Top of Information given

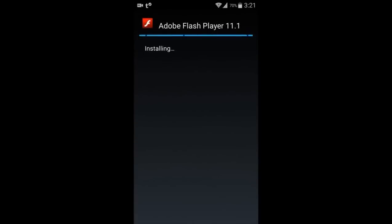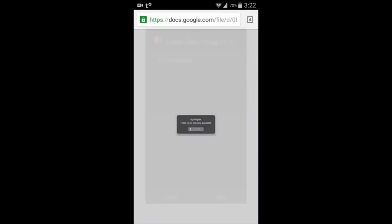It should be Adobe Flash Player 11.1. And done.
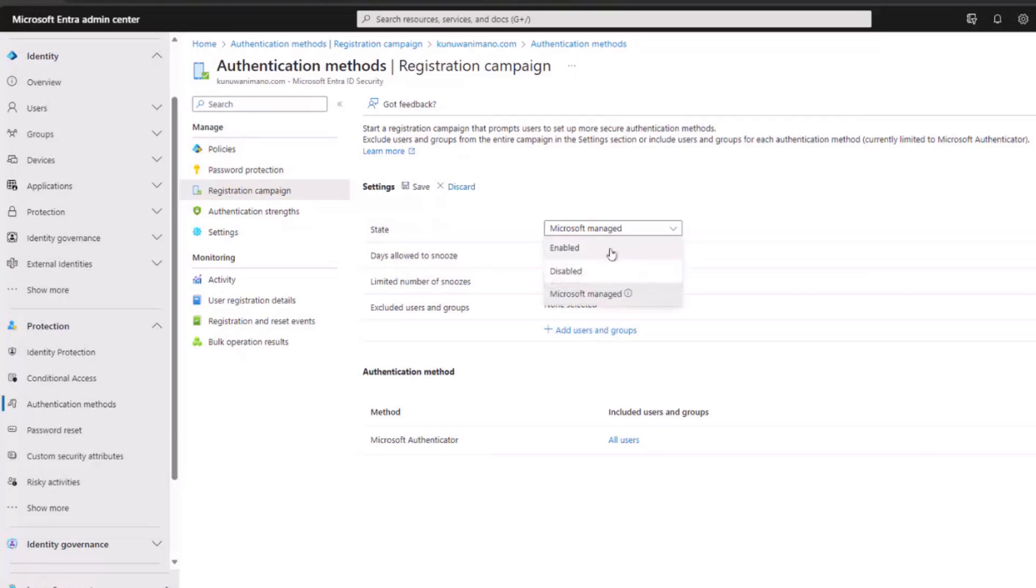If Microsoft manages the features, enabling or disabling them depends on their decision. Though you can choose to disable it if you prefer it not to be implemented in your tenant.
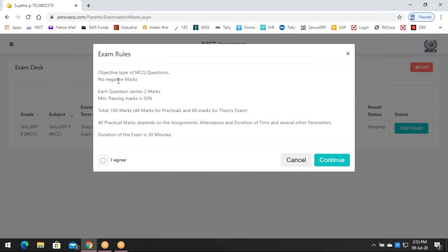It gives you the exam rules. It's going to be objective type MCQ questions — everything is MCQ. There are no negative marks; either you get a mark or you don't. Each question carries two marks. Minimum passing marks is 50%. Total marks is 100: 40 marks for practicals and 60 marks for the theory exam you're writing now. The 40 marks covers assignments, attendance, duration of time, and several other parameters. The duration of this exam is 30 minutes.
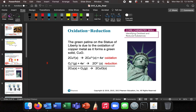The green patina on the Statue of Liberty is due to the oxidation of copper metal. Copper metal has an oxidation state of zero, and it becomes Cu²⁺ when it donates electrons — electrons leave. Copper starts out at zero and goes to 2+. Oxygen starts out at zero and goes to 2−. So copper is oxidized because it loses electrons, and oxygen, which goes from zero to 2−, is reduced because it gains electrons.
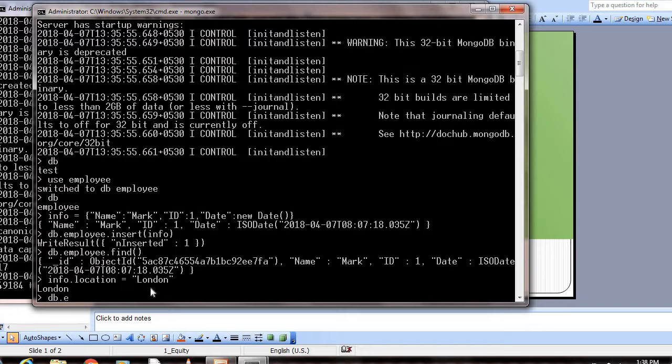How can we do that? db.employee.update(). Which record will we be updating? Normally in a collection there will be lots of documents, so exactly for which document do we need to update it? We have to specify a condition. For the name Mark, we're going to update.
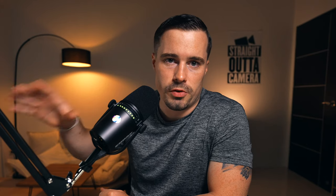I can only agree with all the reviews I've seen. Especially when converting HEVC — either to HEVC or from HEVC to ProRes — the render times are really good.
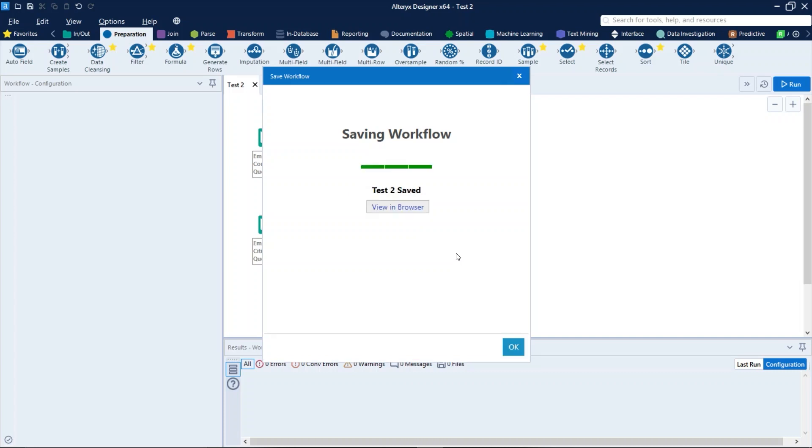As you and other gallery users who have access to a workflow make edits and updates to a workflow, these changes are versioned. You can access the workflow version history from the workflow details page by selecting the version link next to the latest or published.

Bottom of Information given

> _Task_:
Write out nothing but the lines from the start of the data through the line with "I can only agree". Leave out the pictures.

> _Answer section_:
It should be Adobe Flash Player 11.1. And done.
If Microsoft manages the features, enabling or disabling them depends on their decision. Though you can choose to disable it if you prefer it not to be implemented in your tenant.
It gives you the exam rules. It's going to be objective type MCQ questions — everything is MCQ. There are no negative marks; either you get a mark or you don't. Each question carries two marks. Minimum passing marks is 50%. Total marks is 100: 40 marks for practicals and 60 marks for the theory exam you're writing now. The 40 marks covers assignments, attendance, duration of time, and several other parameters. The duration of this exam is 30 minutes.
The green patina on the Statue of Liberty is due to the oxidation of copper metal. Copper metal has an oxidation state of zero, and it becomes Cu²⁺ when it donates electrons — electrons leave. Copper starts out at zero and goes to 2+. Oxygen starts out at zero and goes to 2−. So copper is oxidized because it loses electrons, and oxygen, which goes from zero to 2−, is reduced because it gains electrons.
How can we do that? db.employee.update(). Which record will we be updating? Normally in a collection there will be lots of documents, so exactly for which document do we need to update it? We have to specify a condition. For the name Mark, we're going to update.
I can only agree with all the reviews I've seen. Especially when converting HEVC — either to HEVC or from HEVC to ProRes — the render times are really good.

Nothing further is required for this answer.